The leaders of all 10 member states of the Association of Southeast Asian Nations (ASEAN) are due to attend the bloc’s regular year-end summit on Nov. 2-4, along with Japanese Prime Minister Shinzo Abe, South Korean President Moon Jae-in and Chinese Prime Minister Li Keqiang. UN Secretary-General Antonio Guterres and IMF Managing Director Kristalina Georgieva are also expected.
Meetings related to the summit begin Thursday.
RCEP a big deal
As this year’s chair of ASEAN, Thailand is hoping to end its run with negotiations on the Regional Comprehensive Economic Partnership (RCEP) all but done. In the works since 2012, the deal is seen by some as China’s retort to the Trans-Pacific Partnership, negotiations for which excluded China and fell apart when the US pulled out.

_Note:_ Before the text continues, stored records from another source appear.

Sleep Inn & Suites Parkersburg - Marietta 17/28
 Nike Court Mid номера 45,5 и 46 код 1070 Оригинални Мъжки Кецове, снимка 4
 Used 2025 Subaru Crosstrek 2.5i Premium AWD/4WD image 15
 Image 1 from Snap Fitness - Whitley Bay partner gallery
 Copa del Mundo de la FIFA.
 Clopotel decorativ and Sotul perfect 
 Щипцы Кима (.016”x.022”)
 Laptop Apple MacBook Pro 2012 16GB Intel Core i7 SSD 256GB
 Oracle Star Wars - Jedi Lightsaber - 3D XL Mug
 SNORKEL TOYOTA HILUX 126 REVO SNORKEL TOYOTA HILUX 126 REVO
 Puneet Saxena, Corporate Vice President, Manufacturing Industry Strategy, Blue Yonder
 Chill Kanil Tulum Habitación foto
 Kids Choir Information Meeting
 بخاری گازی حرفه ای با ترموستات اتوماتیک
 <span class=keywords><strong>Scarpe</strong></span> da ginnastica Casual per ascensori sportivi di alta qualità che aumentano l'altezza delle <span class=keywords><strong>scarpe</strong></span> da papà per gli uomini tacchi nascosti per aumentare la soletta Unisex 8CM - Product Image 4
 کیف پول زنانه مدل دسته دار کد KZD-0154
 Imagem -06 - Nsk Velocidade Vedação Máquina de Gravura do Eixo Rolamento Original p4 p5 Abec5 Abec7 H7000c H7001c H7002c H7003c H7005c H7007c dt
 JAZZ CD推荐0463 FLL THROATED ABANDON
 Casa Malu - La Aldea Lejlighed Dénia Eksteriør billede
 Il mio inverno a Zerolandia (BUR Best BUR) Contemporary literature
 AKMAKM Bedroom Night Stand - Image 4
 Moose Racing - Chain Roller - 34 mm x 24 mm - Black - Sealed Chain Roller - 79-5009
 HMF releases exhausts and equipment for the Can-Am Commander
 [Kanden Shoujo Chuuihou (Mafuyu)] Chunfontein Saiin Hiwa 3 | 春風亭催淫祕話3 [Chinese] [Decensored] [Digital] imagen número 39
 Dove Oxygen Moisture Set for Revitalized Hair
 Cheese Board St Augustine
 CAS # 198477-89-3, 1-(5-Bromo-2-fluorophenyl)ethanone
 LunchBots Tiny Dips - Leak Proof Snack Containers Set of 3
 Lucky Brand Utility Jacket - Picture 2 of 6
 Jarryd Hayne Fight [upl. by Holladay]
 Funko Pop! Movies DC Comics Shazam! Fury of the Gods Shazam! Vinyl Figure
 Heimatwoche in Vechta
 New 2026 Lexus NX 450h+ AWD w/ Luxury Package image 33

Taking in all 10 ASEAN countries and six others — Australia, China, India, Japan, New Zealand and South Korea — it would cover 45 percent of the world’s population and a third of global GDP.
With India and China still at loggerheads over market access, “signing of the RCEP deal seems unlikely” at the summit, said Peter Mumford, head of Southeast Asia coverage for political risk consultancy Eurasia Group.
“But ASEAN hopes to at least be able to announce that substantial progress has been made, to ensure momentum is sustained,” he added.
Prapat Thepchatree, who heads the ASEAN Studies Center at Thammasat University, said Thailand was keen to show progress under its watch, especially in the face of the rising tide of protectionism, not least from the US-China trade war.
Once in place, the RCEP will have “a big impact in terms of financial terms and also in terms of psychological terms. It will give a big push … for all regional countries in this part of the world to hope that we still have a chance to support a liberal economic order, ” he said.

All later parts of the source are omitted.